O procurador da República Leandro Mitidieri, que assina o ofício, deixa claro que a exigência teve de ser formalizada justamente porque os órgãos de controle não tiveram acesso aos dados em suas fiscalizações de rotina, e que os documentos ainda não foram recebidos.

"Ainda não é uma medida judicial, e acredito que os documentos serão fornecidos à Procuradoria da República. Caso isso não ocorra, configura-se um crime previsto na lei de organização do Ministério Público, além de uma improbidade administrativa", explica.

Em reportagem recente, o portal de notícias UOL indicou ter entrado com 12 pedidos de documentos referentes a obras olímpicas por meio da Lei de Acesso à Informação, mas depois de um ano a Prefeitura do Rio ainda não forneceu os dados.

Para Luiz Moncau, professor da FGV/Rio especialista no tema, a lei foi claramente desrespeitada.

"Há uma grande oportunidade de fazer diferente, em termos de transparência e condução dos processos referentes aos Jogos, que pelo que tem sido relatado não está sendo bem aproveitada. A transparência é uma segurança para o próprio poder público, mostrando eficiência e organização. Mas não é isso que estamos vendo", avalia.
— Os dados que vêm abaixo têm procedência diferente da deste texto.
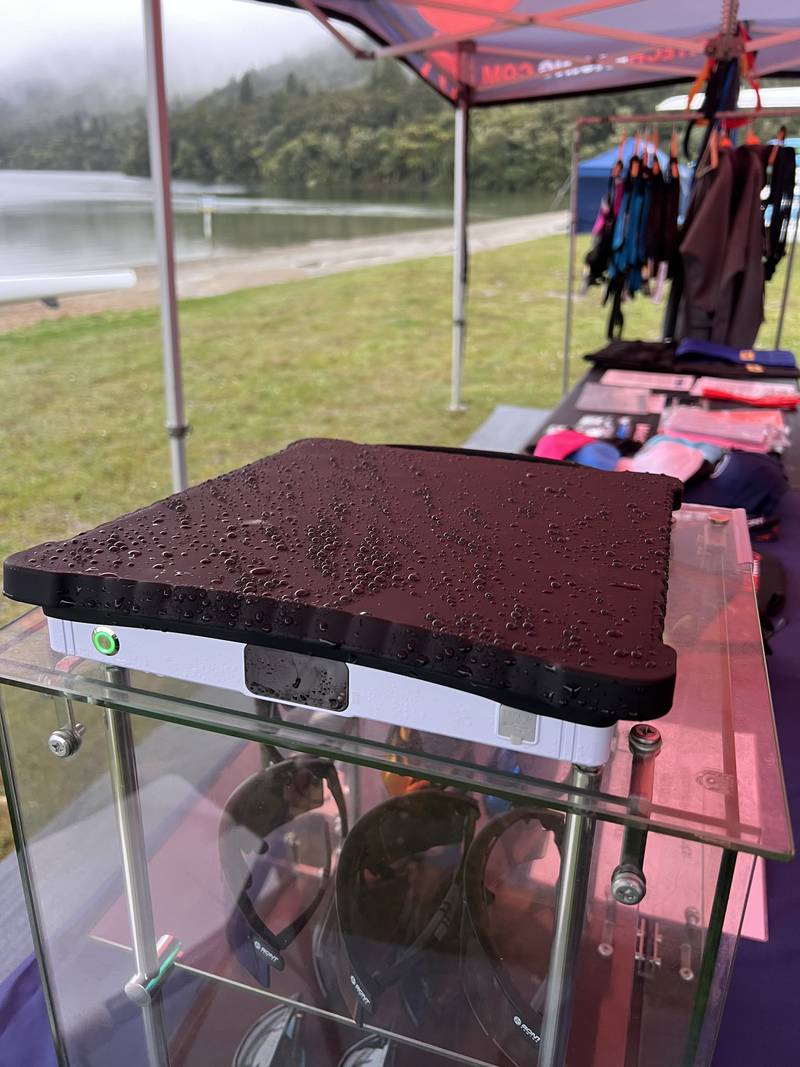 A Starlink Mini on a display stand at a market stall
Já o pesquisador da área de planejamento urbano Renato Cosentino, do IPPUR/UFRJ, critica a qualidade das informações. "Além da ausência de dados, a qualidade da informação que é de fato apresentada é muito ruim, o que também é grave. Vemos uma tentativa de inflar o investimento privado nos Jogos quando se fala em orçamento, e as análises mostraram que esta parcela é inferior ao que está sendo divulgado", diz.

Comitê Rio 2016

Mantidas em sigilo, as estimativas de gastos do Comitê Rio 2016 financiados por recursos privados são cruciais para as contas públicas, já que o governo brasileiro assumiu o compromisso com o COI de assumir responsabilidades do comitê caso necessário - o que já ocorreu com a segurança.

Em seu último relatório de auditoria, o TCU fez uma série de recomendações dirigidas ao comitê, entre elas a criação de um Fundo de Contingência dos Jogos, e pediu que o orçamento e relatórios periódicos passassem a ser publicados em seu site.

"A demora na finalização da definição sobre as responsabilidades que serão assumidas pelos governos, em substituição ao pagamento de subsídio, pode acarretar prejuízos aos cofres públicos, uma vez que a experiência demonstra que, quanto mais próximos dos eventos, mais dispendiosas são as contratações pelo poder público", diz o relatório.

O documento cita ainda "limitações enfrentadas pelos servidores do tribunal" durante a fiscalização.

Questionado pela BBC Brasil, o Comitê Rio 2016 declarou que, "ao contrário dos entes públicos, é financiado por recursos privados e por isso não tem a obrigação de prestar contas e publicar seu orçamento" e que "não trabalha com a hipótese de extrapolar seu orçamento".

Já o presidente do Comitê Rio 2016, Carlos Arthur Nuzman, ao ser indagado sobre o assunto pela BBC Brasil em Londres, no início da semana, disse que há cláusulas de confidencialidade com parceiros privados que impedem a publicação de todos os contratos e que as contas serão feitas ao término da Olimpíada.

"Tem alguns contratos que têm confidencialidade de patrocinadores, e as companhias têm que ser respeitadas. Vamos terminar os Jogos e fazer a prestação de contas total da parte que diz respeito ao Comitê Organizador. (Sobre) os demais, cada um fala por si", disse.

Consultado pela BBC Brasil, o Ministério do Esporte negou que o governo possa gradualmente arcar com despesas do comitê.

"Não há absorção gradual de custos por parte dos governos. Desde o período da candidatura, as partes decidiram que as responsabilidades seriam sempre negociadas e definidas em comum acordo, com intuito de se chegar a soluções de gestão mais eficazes, desde que respeitados os parâmetros da boa governança. O que se procura é agilidade nos processos e otimização de gastos públicos. Essa forma de gestão tem propiciado equilíbrio de contas entre o orçamento governamental e o orçamento do comitê organizador".

Sobre as críticas dos órgãos cuja missão é justamente zelar pela boa utilização dos recursos públicos federais, o Ministério do Esporte respondeu que "não existe, no Brasil, projeto tão transparente como a organização dos Jogos Olímpicos de 2016".